Stuzzicato, in primis, dalla forma a triangolo acuto, ciascuno con torrione, assimilabile a una lancia, come quella con la quale Longino trafisse il costato di Gesù. Qui ricorre il numero 12 (i cavalieri della Tavola Rotonda, gli Apostoli, i mesi dell’anno, i segni dello Zodiaco). E archeologi nazisti alla ricerca dell’Eredità Ancestrale compirono spedizioni in tutto il mondo, fino al Tibet, per trovare reperti che accreditassero l’originaria presenza degli ariani. In Italia con tappe in Val Camonica, credendo di rinvenire graffiti di rune nordiche, in Calabria per rintracciare la tomba di Alarico, in Sardegna, a Capri e in numerose altre tappe rimaste segrete.
Ma il groviglio di leggende non offuschi l’emozione di guardare Castel del Monte. Fuori, elegante nell’uso dei materiali.
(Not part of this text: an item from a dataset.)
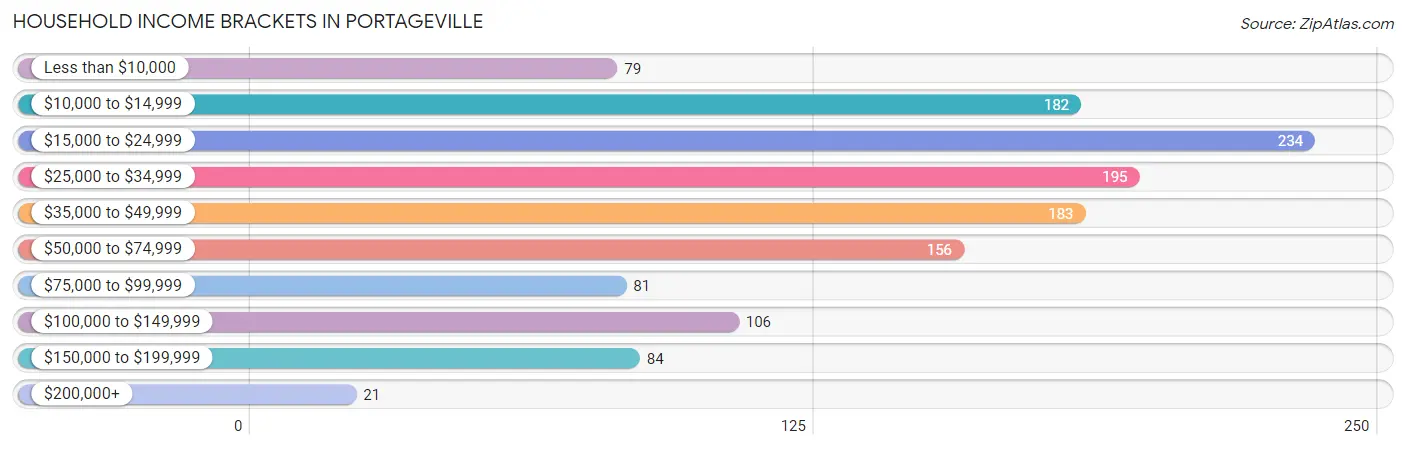 Household Income Brackets in Portageville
Il beige della pietra calcarea, che vira al rosato quando il sole si leva o tramonta, la breccia corallina che aggiunge una nota di rossastro, l’orientale marmo venato che specie all’interno era profuso, e del quale si fece man bassa (sculture, suppellettili, decori) a partire dal Settecento, dopo l’abbandono da parte dei conti di Ruvo e l’insediamento temporaneo di pastori, briganti, profughi politici. Nei torrioni, le scale a chiocciola sfidano alla salita, osservando attraverso bifore e feritoie il paesaggio ora brullo ora coltivato ad alberi bassi. Nella grazia del portale d’ingresso, che mischia forme classiche all’arco a sesto acuto del gotico. Nel cortile interno, serrato negli otto lati, dove sembra di trovarsi in un pozzo (nel Medioevo simbolo anch’esso: di conoscenza) e dal quale l’azzurro del cielo scende come da un oculo, molto più grande ma suggestivo quanto quello, a Roma, del Pantheon.
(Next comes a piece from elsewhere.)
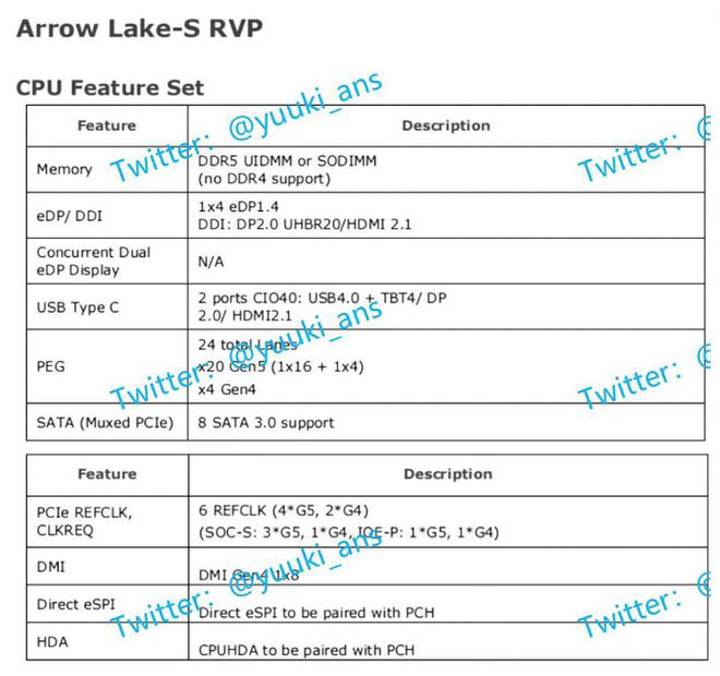 Intel 15 代 Core 处理器将于下半年发布，有哪些重要变化？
Forme tanto assolute e polisemantiche possono facilmente coniugarsi con la contemporaneità. E infatti Castel del Monte è stato anche passerella di una sfilata di moda, quella della collezione Gucci 2022-2023. La scelta è venuta da Alessandro Michele, nel suo ultimo anno di lavoro per la maison fiorentina. Lo hanno ispirato le cosmogonie, l’afflato filosofico, le divine geometrie che intrigavano il cavaliere medievale con la corona. Insieme, lo stilista ha tratto input da Walter Benjamin e Hannah Arendt, entrambi in fuga dalla Francia occupata dai nazisti: “Benjamin è un collezionista di citazioni”, ha detto, pensando all’enciclopedico Federico II. In omaggio al quale ha creato abiti impreziositi da costellazioni ricamate, tagli geometrici, intarsi, strisce.
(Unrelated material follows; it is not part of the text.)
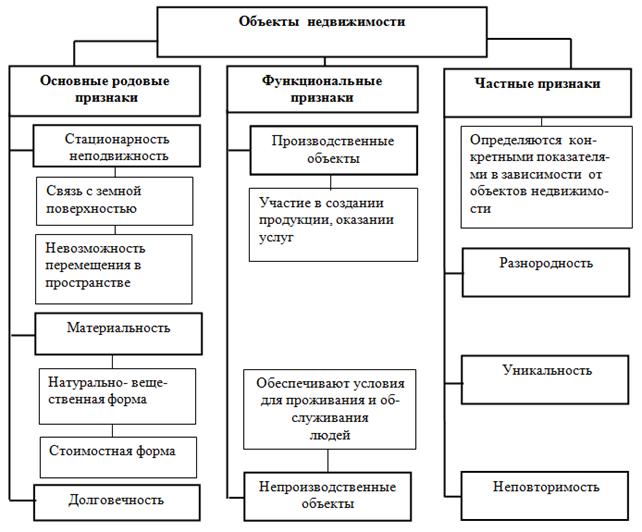 Что такое типообразующие объекты в 1с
I mille universi dello Stupor Mundi continuano a emozionare. Alla sua morte il figlio Manfredi, futuro re di Sicilia, scrisse al fratello Corrado IV: “Il sole del mondo si è addormentato, lui che brillava sui popoli, il sole dei giusti, l’asilo della pace”. Castel del Monte dorme adagiato come un gigante sulla collina, il sole ne plasma la forma di ora in ora, di stagione in stagione. Così le antiche mura vibrano di vita.